Bereits jetzt - anderthalb Jahre vor meinem ersten Konzert - bereite ich gemeinsam mit der RSO-Managerin Christiane Goller eine spannende Spielsaison 2010/2011 vor. Sicherlich werden Sie mich in den nächsten Monaten oft als Zuhörer in den RSO-Konzerten im Konzerthaus, im Musikverein, im Theater an der Wien oder bei den Salzburger Festspielen treffen. Ich würde mich freuen, wenn sich dabei die Gelegenheit zum persönlichen Gespräch mit Ihnen ergibt.

Das RSO Wien im März

"Frenetischen Jubel" für den "Gruß aus Wien" (Kurier) gab es am Ende des Japan-Gastspiels des RSO Wien unter der Leitung von Bertrand de Billy im Februar 2007 - und aufgrund des großen Erfolges postwendend die Einladung zu einer Folgetournee 2009: Diesmal - von 26. Februar bis 16. März 2009 - reist das ORF-Orchester gemeinsam mit Dmitrij Kitajenko, dem Grandseigneur unter den russischen Dirigenten, und je einem russischen und wienerischen Programm. Als Solist mit dabei: der junge deutsche Pianist Herbert Schuch, Gewinner des Internationalen Beethoven-Klavierwettbewerbs 2005.

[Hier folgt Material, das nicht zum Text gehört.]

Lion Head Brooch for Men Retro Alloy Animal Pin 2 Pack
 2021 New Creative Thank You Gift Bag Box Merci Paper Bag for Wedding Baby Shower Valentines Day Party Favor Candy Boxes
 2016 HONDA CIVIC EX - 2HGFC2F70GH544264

Eine Woche nach der Rückkehr aus Tokio, am 24. März 2009 im RadioKulturhaus, erklärt Wilhelm Sinkovicz Wissenswertes zur "Rhapsodie espagnole". Ihr spezifisches, bis heute überaus beliebtes Kolorit verdankt die spanische Kunstmusik auch einem wichtigen Impuls durch den französischen Impressionismus. Insbesondere Maurice Ravel, der sich als Baske Spanien besonders verbunden fühlte, besaß eine faszinierende Imaginationskraft für iberische Klangfarben. "Die Rhapsodie espagnole", schrieb Manuel de Falla, "überraschte mich durch ihren spanischen Charakter. Wie aber sollte ich mir diesen so subtil authentischen Hispanismus erklären? Ich fand rasch die Lösung des Rätsels: Ravels Spanien war ein idealisiertes Spanien, wie er es durch seine Mutter kennengelernt hatte."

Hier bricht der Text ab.